[Stored dataset items]
──────────

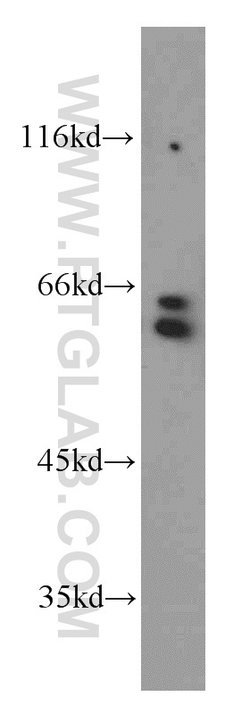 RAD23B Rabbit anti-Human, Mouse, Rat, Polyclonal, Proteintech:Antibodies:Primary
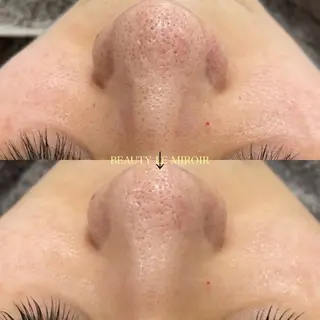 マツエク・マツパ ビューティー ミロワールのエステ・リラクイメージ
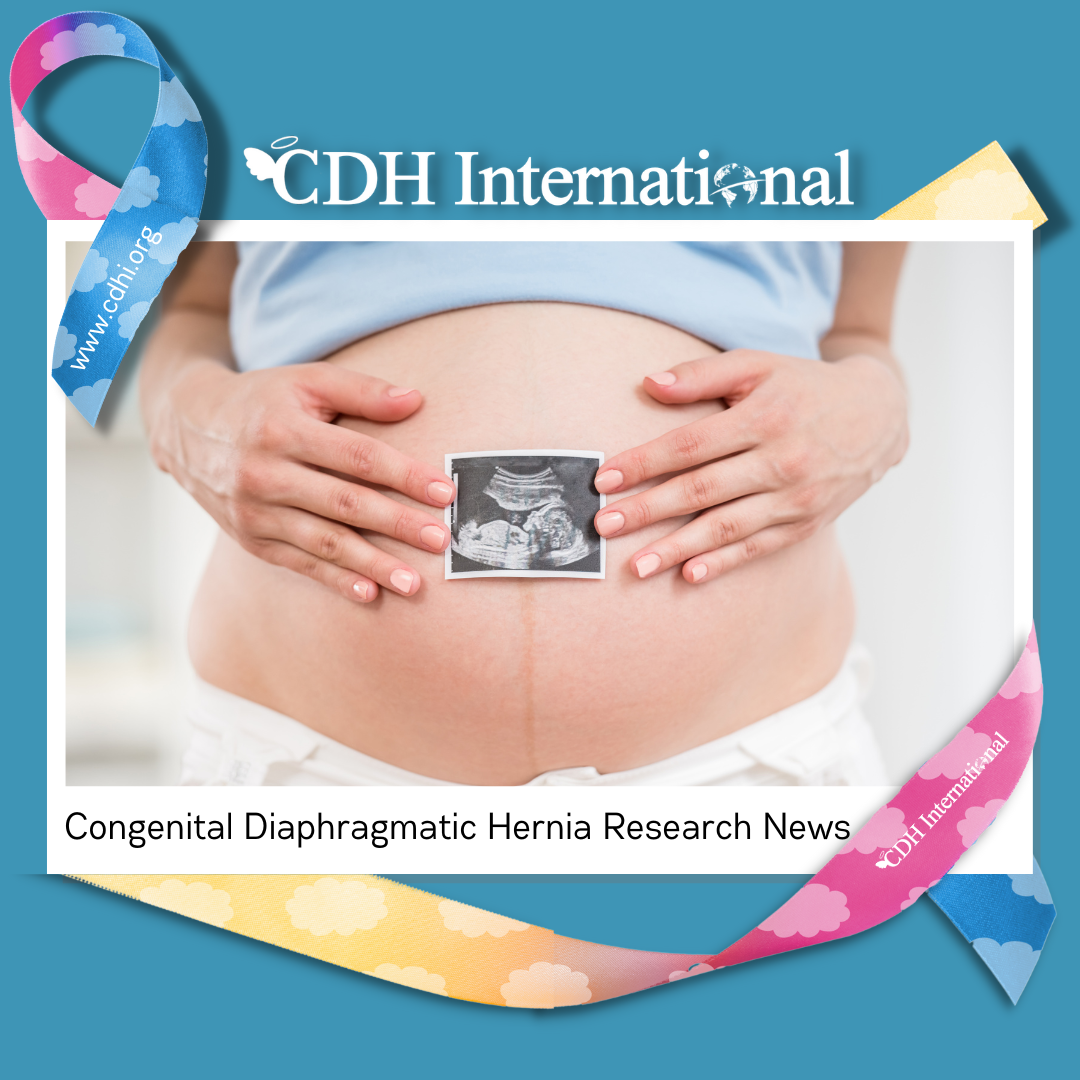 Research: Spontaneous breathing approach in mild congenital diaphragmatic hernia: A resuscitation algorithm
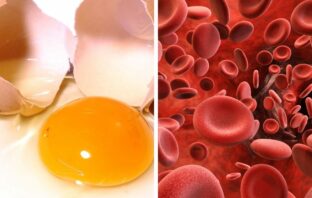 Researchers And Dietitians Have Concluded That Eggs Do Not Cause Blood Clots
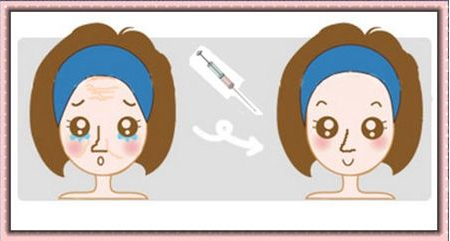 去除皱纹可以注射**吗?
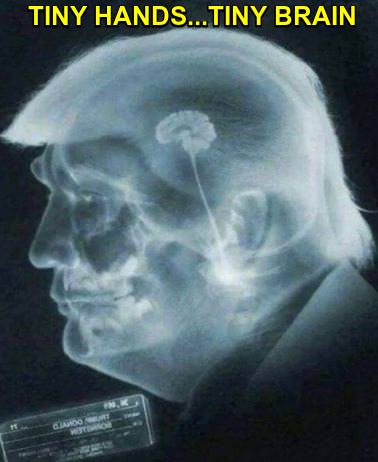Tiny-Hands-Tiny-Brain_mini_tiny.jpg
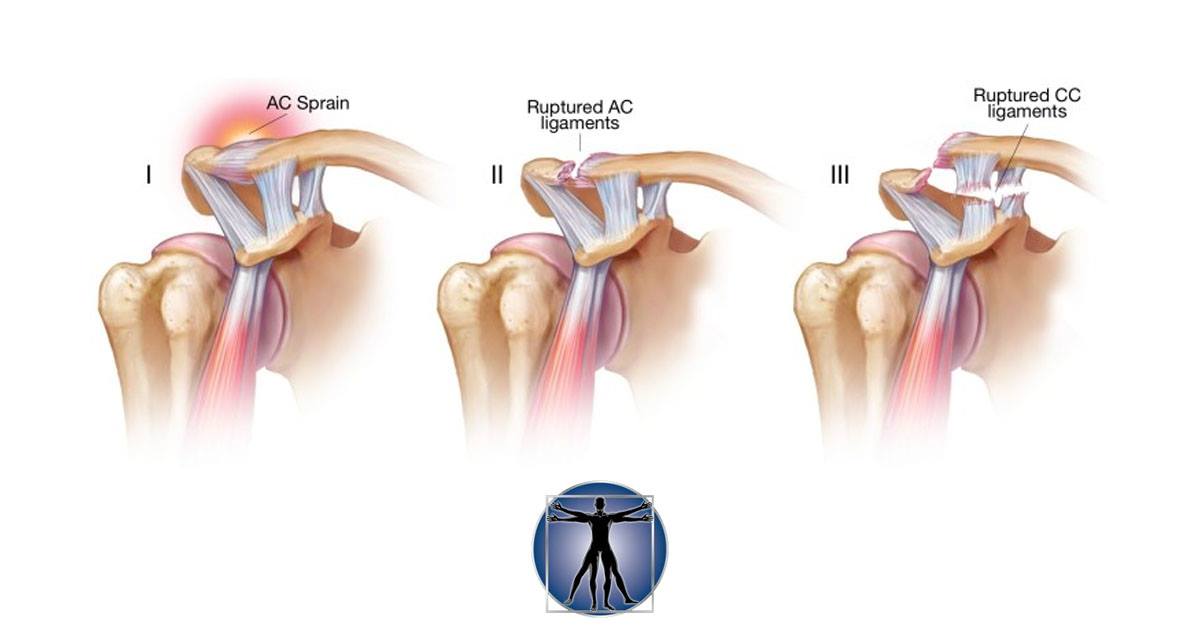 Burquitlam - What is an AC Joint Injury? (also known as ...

──────────

Problem description | Please ensure that the data above is repeated exactly, with no pictures in the copy.

Exercise output |
 RAD23B Rabbit anti-Human, Mouse, Rat, Polyclonal, Proteintech:Antibodies:Primary
 マツエク・マツパ ビューティー ミロワールのエステ・リラクイメージ
 Research: Spontaneous breathing approach in mild congenital diaphragmatic hernia: A resuscitation algorithm
 Researchers And Dietitians Have Concluded That Eggs Do Not Cause Blood Clots
 去除皱纹可以注射**吗?
Tiny-Hands-Tiny-Brain_mini_tiny.jpg
 Burquitlam - What is an AC Joint Injury? (also known as ...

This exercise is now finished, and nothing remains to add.